Like many of you, I often record my experiments and improvs at home and then later want to release them. Obviously, there always has to be some editing - after all, how else do you present the golden 7 minutes without necessarily subjecting your listeners to the 45 minutes of noodling on different patches that preceded it?

Well, take whatever position you will in the argument of "honest documentation of a performance" vs. "good listening", but I personally don't want to have to cringe for the next 30 years every time I hear that horrible note near 3:57, so I'll generally throw away the stuff that I hate. So I'm not pure, so sue me. :-)

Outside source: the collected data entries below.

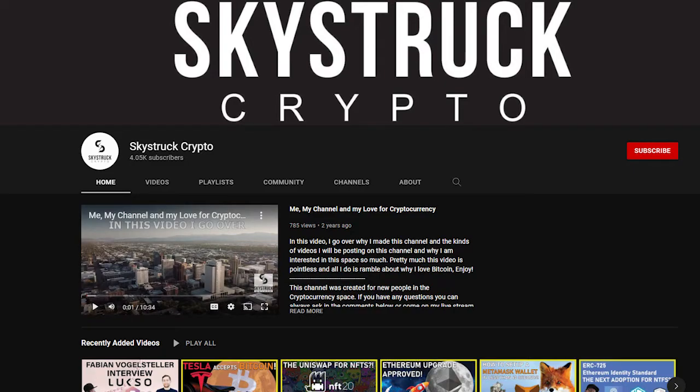Hey everybody, Skylar here, and in this video I'm going to show you how you can buy Luxo through the exchange KuCoin.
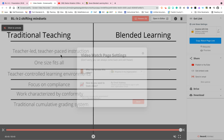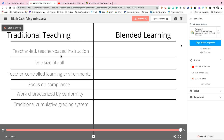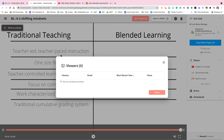That way, when people watch it, you'll be able to click 'Viewers' and it will give you a detailed list of who has watched your videos.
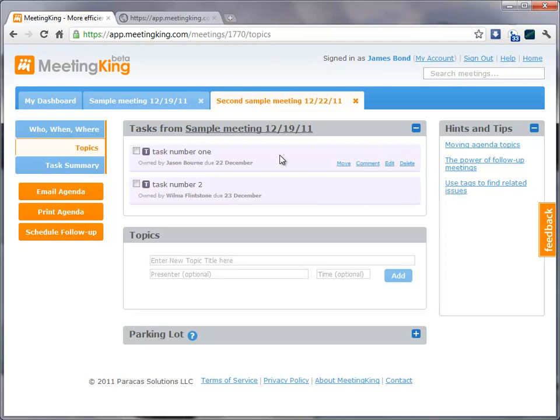Well, you can use MeetingKing for all kinds of meetings. It can be used from the boardroom to the clubhouse. It will save you time, but more importantly, it will help you to make sure things get done. Thank you.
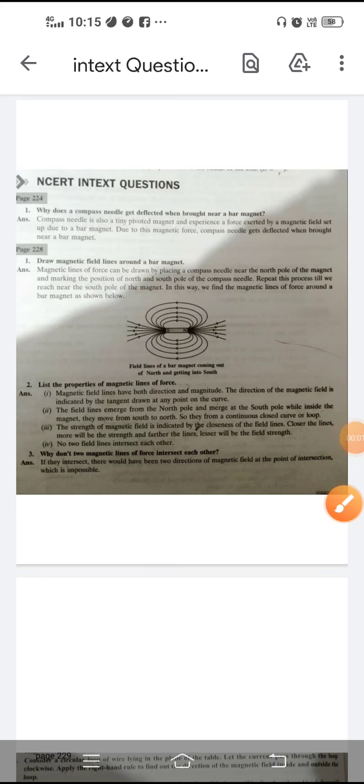Class 10. Today we will discuss back exercise in-text questions given on page number 224 of your NCERT book. Question one: Why does a compass needle get deflected when brought near a bar magnet?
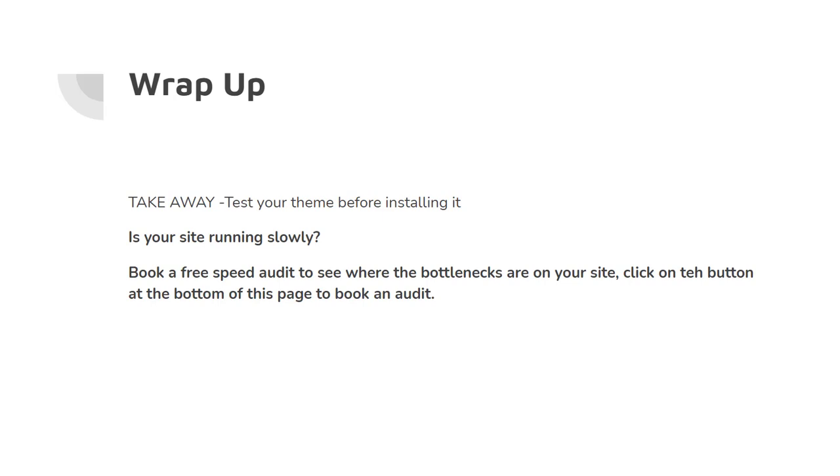So let's wrap this video up. The takeaway is test your theme before installing it or even buying it. So is your site running slowly? Why not book a free speed audit with us to see where the bottlenecks are on your site? Click the button at the bottom of this page to book an audit.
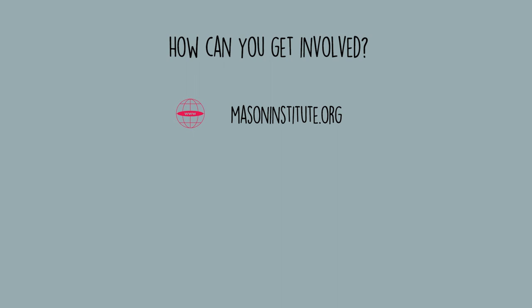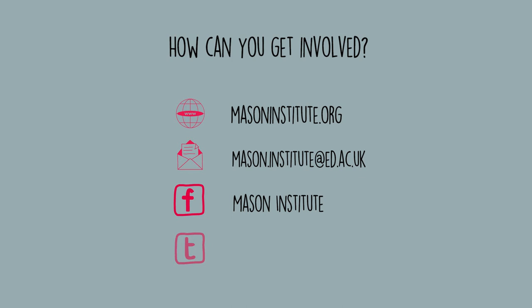You can also subscribe to our mailing list here. Don't forget to follow us on Facebook and on Twitter at Mason Institute.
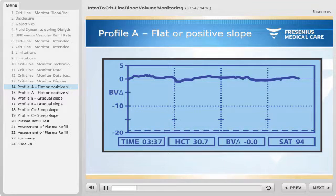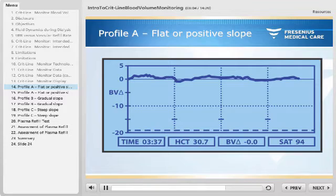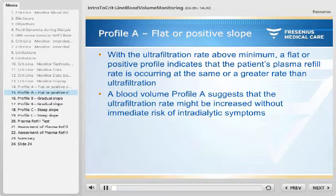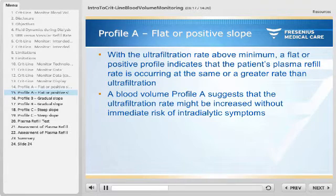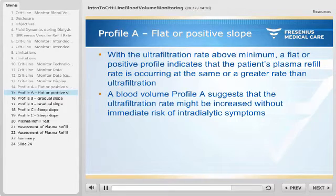The first example shows a sometimes slightly positive or negative, but on average flat curve, with no cumulative blood volume change at the end of treatment — also referred to as blood volume profile A. With the ultrafiltration rate above minimum, a flat or positive profile indicates that the patient's plasma refill rate is occurring at the same or a greater rate than ultrafiltration. A blood volume profile A suggests that the ultrafiltration rate might be increased without immediate risk of intradialytic symptoms.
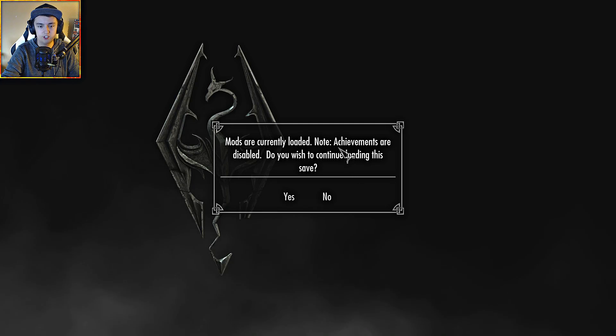Mods are currently loaded. Note, achievements are disabled. I got it for free, whatever. Let's go ahead and disable the disabler for achievements. That should be easy enough, seeing as a mod was released day one for it.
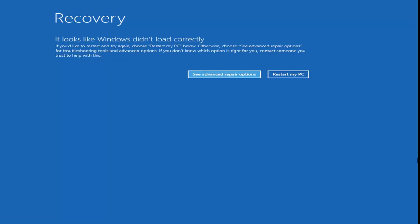The first thing we've got to do is get to the command prompt utility that's either built into the troubleshooting recovery options, or you have to have a bootable USB, DVD, or CD. Just go through the Windows 10 media creation utility provided by Microsoft, burn a copy of the Windows 10 ISO to a DVD, and then boot your computer from it.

So what I usually end up doing in my editing process is to keep it minimal - cut out the bad stuff, every once in a while maybe graft a bar from someplace else.

If I have the foresight to save a loop (I'm using SooperLooper at the moment) while I'm recording (and every time I record a new first loop), then my editing life is a dream. Want to drop 16 measures of an ill-advised sound choice in the midst of an otherwise compelling piece? In most DAWs, if the DAW's concept of a measure is the same as yours, it's pretty trivial - select the measures and snip. the loop parts fit together with no clicks because length cut was an exact multiple of the loop length. If you don't have the DAW tempo synced to the loop length, you have to go through a fairly painstaking process of trying to find the exact start and end points of each snip. Editing is therefore highly discouraged.

What DAWs need to sync their concept of tempo to yours is typically an audio file consisting of exactly one loop (or some known integral multiple). So if I save a loop using whatever tool I'm in, then I'm home free.

OK, finally, the question: what if I haven't done this? The loop file (I record in multitrack, so the live input is separate) contains a lot of areas where there is no change in the loop for a while while I'm playing. Are there any tools available that could autocorrelate a file like this and tell me how many samples there are in a repeating section?